Eso no es cierto. Casi siempre están cerca de conseguirlo, lo que pasa es que pierden los partidos más importantes. Siempre consiguen una ventaja y luego, empiezan a tratar de no perder—contestó, apoyando los codos en la mesa y mirándola con intensidad—. Y hay que hacer lo contrario. Cuando llevas ventaja, es cuando hay que empezar a jugar con más agresividad, porque es justo en ese momento en el que el otro equipo va a intentar ganarte. En ese momento, ellos son los que pueden ganar el partido y tú perderlo.


Aquello le pareció a Paula algo muy profundo.


—¿Estás diciendo eso por experiencia propia? —le preguntó Paula.


Pedro se encogió de hombros y siguió con la comida.


—Le he pegado a la pelota una o dos veces, cuando iba al colegio.


Lo cual era posible que quisiera decir que había sido un jugador famoso, que ella no había oído nombrar. Paula dio vueltas con el tenedor a sus fetuccine, sin importarle si se manchaba con la salsa o no se manchaba.


—El entrenador siempre nos decía que los que quieren ganar nunca abandonan y los que abandonan nunca ganan. Yo siempre he intentado tener en cuenta esa frase —levantó la cabeza, para mirarla—. ¿Y tú, qué frase tienes en cuenta?


“Que algún día llegará el príncipe azul”, estuvo a punto de contestarle, Pero pensó que no era lo más apropiado en aquel momento.


—Haz todos los días una buena acción.


Pedro empezó a reírse a carcajadas.


—Eso parece sacado de los boyscouts.


—Es posible. Yo era una girlscout.


—Entonces, la buena acción que has hecho hoy ha sido devolverme mi agenda. Te estoy muy agradecido.


—De nada —a Paula no se le ocurría nada más que decir.


Era muy difícil decir cosas inteligentes y con gracia. Ella no era capaz de hacerlo. No podía contar nada de su vida que pudiera interesar a Pedro Alfonso. Ni siquiera a ella le parecía interesante. A lo mejor debería volver a su plan original, que era el de pedirle algunos consejos para hacer publicidad de la tienda.


El silencio que se produjo empezaba a ser un poco incómodo. Paula se metió el tenedor en la boca, dándose cuenta de que no estaba aportando nada a aquella conversación. Tenía que pensar en algún tema interesante.


Pero tuvo que ser Pedro el que lo sacara.


—Bueno, ¿y tú cómo pasas tu tiempo, Paula?

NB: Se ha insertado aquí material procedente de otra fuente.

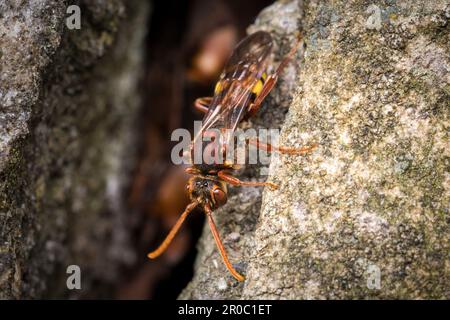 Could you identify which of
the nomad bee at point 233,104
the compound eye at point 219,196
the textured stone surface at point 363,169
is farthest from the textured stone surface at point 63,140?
the textured stone surface at point 363,169

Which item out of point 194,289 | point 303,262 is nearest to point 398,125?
point 303,262

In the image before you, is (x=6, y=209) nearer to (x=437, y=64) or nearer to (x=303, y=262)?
(x=303, y=262)

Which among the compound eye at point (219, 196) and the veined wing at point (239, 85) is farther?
the veined wing at point (239, 85)

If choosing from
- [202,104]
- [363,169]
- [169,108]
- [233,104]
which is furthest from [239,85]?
[169,108]

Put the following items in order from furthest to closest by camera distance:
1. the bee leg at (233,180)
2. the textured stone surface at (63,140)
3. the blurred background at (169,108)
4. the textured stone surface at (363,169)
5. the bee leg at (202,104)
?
the blurred background at (169,108)
the bee leg at (202,104)
the bee leg at (233,180)
the textured stone surface at (63,140)
the textured stone surface at (363,169)

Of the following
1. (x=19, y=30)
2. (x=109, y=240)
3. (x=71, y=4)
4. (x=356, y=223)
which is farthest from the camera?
(x=109, y=240)

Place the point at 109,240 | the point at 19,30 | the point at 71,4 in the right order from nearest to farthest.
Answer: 1. the point at 19,30
2. the point at 71,4
3. the point at 109,240

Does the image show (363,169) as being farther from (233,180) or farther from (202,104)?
(202,104)

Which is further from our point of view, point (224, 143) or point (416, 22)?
point (224, 143)

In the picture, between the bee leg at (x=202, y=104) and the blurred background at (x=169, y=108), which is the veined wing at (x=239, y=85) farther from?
the blurred background at (x=169, y=108) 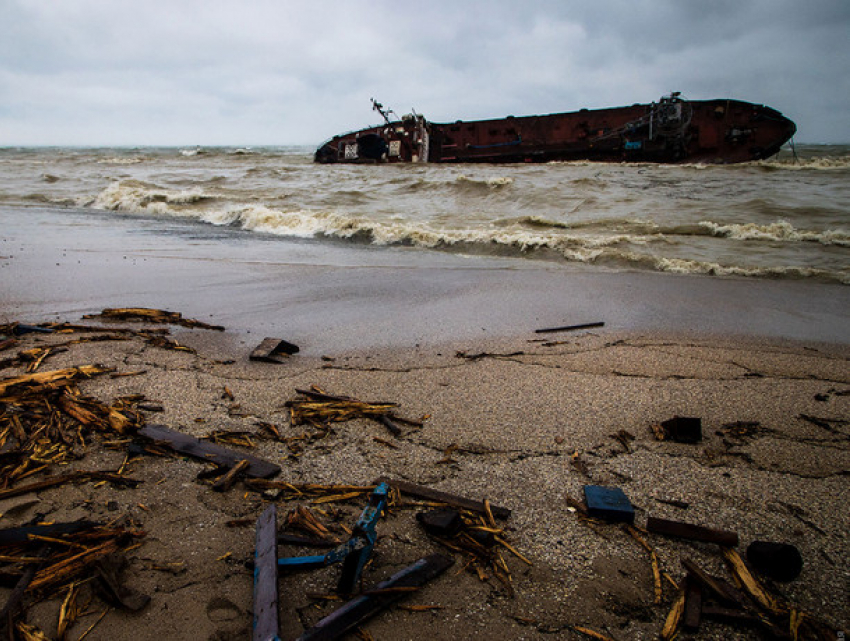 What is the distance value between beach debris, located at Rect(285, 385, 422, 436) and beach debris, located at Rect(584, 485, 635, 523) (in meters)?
1.04

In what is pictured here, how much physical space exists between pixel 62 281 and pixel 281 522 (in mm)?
5441

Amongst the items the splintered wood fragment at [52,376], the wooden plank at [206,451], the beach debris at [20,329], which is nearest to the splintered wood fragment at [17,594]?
the wooden plank at [206,451]

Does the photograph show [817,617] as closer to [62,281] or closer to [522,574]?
[522,574]

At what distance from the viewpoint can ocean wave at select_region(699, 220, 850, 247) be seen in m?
8.96

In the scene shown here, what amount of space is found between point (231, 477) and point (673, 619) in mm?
1804

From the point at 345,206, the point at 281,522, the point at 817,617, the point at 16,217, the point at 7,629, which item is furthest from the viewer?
the point at 345,206

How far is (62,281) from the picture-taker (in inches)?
224

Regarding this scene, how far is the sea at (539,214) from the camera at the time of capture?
325 inches

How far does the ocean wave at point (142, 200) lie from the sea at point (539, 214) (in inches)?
1.9

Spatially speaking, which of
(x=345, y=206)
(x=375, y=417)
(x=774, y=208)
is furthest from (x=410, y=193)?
(x=375, y=417)

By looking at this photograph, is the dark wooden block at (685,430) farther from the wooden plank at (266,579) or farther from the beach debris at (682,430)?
the wooden plank at (266,579)

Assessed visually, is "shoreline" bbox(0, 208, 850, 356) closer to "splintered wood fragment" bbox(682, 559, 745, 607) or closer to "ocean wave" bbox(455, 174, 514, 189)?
"splintered wood fragment" bbox(682, 559, 745, 607)

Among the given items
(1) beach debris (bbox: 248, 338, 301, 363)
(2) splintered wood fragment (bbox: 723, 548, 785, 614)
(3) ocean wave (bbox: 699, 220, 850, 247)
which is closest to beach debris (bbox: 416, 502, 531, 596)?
(2) splintered wood fragment (bbox: 723, 548, 785, 614)

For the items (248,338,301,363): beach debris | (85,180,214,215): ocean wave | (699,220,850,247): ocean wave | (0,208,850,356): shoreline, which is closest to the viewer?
(248,338,301,363): beach debris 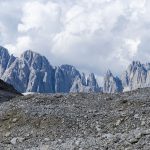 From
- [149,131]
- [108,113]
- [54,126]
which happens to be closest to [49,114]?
[54,126]

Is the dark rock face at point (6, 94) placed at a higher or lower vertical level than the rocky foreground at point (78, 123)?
higher

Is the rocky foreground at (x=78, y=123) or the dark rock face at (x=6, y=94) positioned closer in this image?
the rocky foreground at (x=78, y=123)

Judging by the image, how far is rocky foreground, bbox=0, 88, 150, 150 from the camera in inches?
989

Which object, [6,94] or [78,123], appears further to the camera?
[6,94]

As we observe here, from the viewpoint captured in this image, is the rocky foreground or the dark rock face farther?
the dark rock face

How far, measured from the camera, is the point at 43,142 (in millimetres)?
27922

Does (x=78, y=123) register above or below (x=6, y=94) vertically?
below

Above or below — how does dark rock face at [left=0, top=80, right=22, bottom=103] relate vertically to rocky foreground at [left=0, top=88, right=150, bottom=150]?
above

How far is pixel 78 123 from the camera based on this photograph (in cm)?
2986

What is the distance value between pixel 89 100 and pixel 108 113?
21.3 feet

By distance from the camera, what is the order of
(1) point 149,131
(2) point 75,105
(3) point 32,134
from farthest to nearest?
(2) point 75,105, (3) point 32,134, (1) point 149,131

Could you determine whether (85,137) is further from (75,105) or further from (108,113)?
(75,105)

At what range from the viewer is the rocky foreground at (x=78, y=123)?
82.4ft

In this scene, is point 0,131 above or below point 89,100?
below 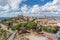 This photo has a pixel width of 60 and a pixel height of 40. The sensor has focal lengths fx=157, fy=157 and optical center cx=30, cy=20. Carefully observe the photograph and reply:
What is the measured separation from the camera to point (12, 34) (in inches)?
132

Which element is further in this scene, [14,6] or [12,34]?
[14,6]

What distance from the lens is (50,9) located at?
11.6 ft

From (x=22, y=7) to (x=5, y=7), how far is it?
0.39 meters

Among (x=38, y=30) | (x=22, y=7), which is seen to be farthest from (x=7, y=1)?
(x=38, y=30)

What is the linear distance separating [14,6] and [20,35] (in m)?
0.70

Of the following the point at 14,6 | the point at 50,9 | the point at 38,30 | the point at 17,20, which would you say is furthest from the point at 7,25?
the point at 50,9

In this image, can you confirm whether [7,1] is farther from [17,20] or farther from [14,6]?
[17,20]

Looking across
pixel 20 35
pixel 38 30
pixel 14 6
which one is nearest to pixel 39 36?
pixel 38 30

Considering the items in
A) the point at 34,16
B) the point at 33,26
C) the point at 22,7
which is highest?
the point at 22,7

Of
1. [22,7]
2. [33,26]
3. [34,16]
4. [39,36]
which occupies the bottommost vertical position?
[39,36]

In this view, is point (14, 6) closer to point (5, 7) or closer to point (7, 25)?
point (5, 7)

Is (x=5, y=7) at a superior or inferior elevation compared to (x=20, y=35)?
superior

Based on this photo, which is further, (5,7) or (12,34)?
(5,7)

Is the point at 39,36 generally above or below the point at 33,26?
below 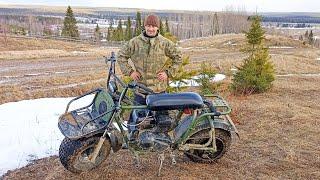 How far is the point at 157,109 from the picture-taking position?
5.00m

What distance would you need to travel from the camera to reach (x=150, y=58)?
237 inches

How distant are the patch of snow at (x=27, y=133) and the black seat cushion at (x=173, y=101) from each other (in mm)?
2434

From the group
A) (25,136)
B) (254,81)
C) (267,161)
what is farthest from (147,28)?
(254,81)

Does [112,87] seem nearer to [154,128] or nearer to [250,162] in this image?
[154,128]

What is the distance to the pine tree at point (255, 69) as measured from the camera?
1314 centimetres

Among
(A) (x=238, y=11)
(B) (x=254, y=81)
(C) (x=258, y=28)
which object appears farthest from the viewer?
(A) (x=238, y=11)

Era una pregunta a la que no se podía responder con un sí o con un no. Levantó el vaso de agua.


—Tengo una boutique en la zona de Village —boutique sonaba mejor que una tienda de ropa de segunda mano o una tienda de alquiler de ropa.


—Conozco esa zona —le dijo él, con un cierto interés en su mirada—. Rice Village, ¿no?


Paula asintió.


—Estoy dando un curso de técnicas comerciales en la universidad de Rice, los jueves por la noche.


Lo cual explicaba que en su agenda no tuviera citas apuntadas los jueves por la tarde. Paula decidió en aquel mismo instante matricularse en la universidad de Paula.


—Debes de ser un hombre muy ocupado —le dijo ella, como si no lo supiera.


—¿Qué quieres decir?


—Bueno... tu agencia de publicidad tiene mucho éxito. En las paredes de tu oficina había carteles de campañas publicitarias muy conocidas.


—Yo digo que es que hemos tenido suerte, pero la verdad es que Roberto y yo hemos trabajado mucho para conseguir llegar donde hemos llegado —le dijo, sonriéndole, al tiempo que asentía, cuando el camarero le ofreció más té helado.


A Paula le impresionaron bastante las palabras de Pedro. Ella también había trabajado mucho, para levantar su tienda. Y muchas veces había atribuido su éxito a la suerte.


—¿Creasteis tu socio y tú la empresa?


—Sí. Empezamos desde cero. Tuvimos que pedir dinero prestado a la familia y a nuestros amigos.